▸ Supplied information:
Start of Block

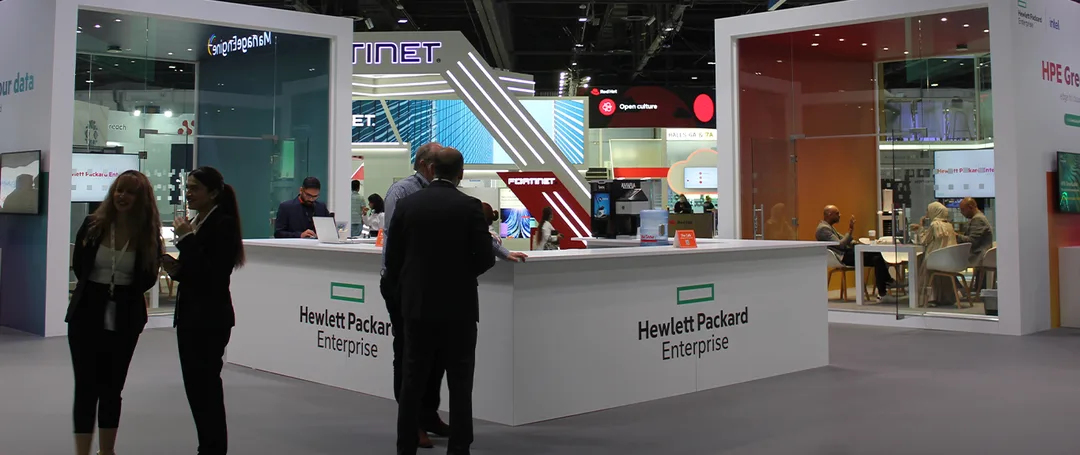 Completed HPE GITEX Dubai stand with bespoke scenic structures and glazed meeting-room architecture.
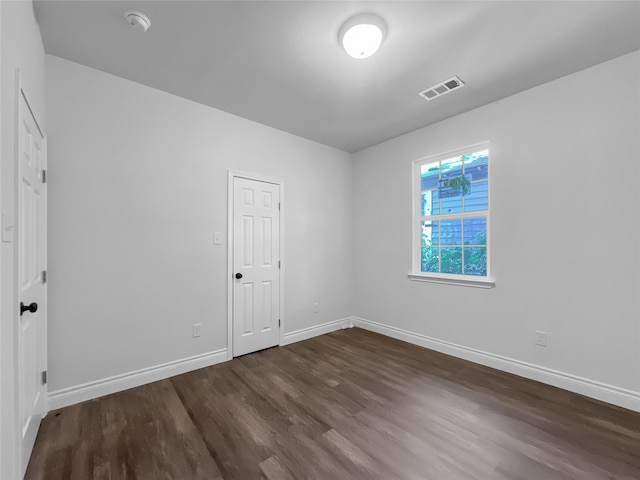 spare room featuring dark wood-type flooring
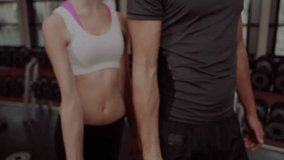 Fit woman and fit man curling dumbbells initiating financial chart overlay showing market downturn. Fitness, strength, gym, motivation, dual, healthy, dynamic - Powered by Shutterstock - Get 15% off with code: PIKWIZARD15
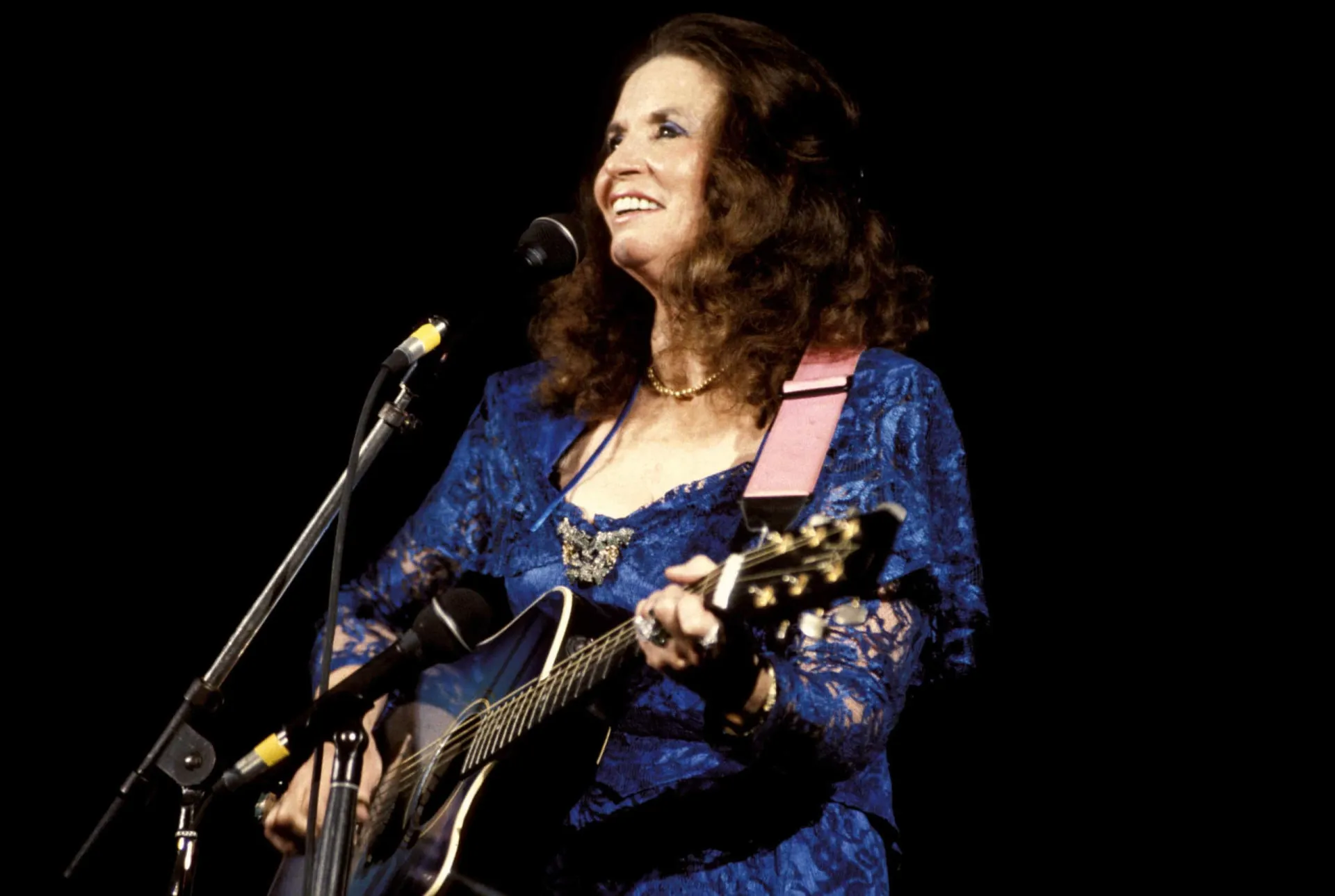 June Carter Cash sorrindo, uma imagem que captura sua alegria e espírito vibrante.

End of Block

▸ What is required:
Reproduce the material word for word, but without its images.

▸ Result below:
 Completed HPE GITEX Dubai stand with bespoke scenic structures and glazed meeting-room architecture.
 spare room featuring dark wood-type flooring
 Fit woman and fit man curling dumbbells initiating financial chart overlay showing market downturn. Fitness, strength, gym, motivation, dual, healthy, dynamic - Powered by Shutterstock - Get 15% off with code: PIKWIZARD15
 June Carter Cash sorrindo, uma imagem que captura sua alegria e espírito vibrante.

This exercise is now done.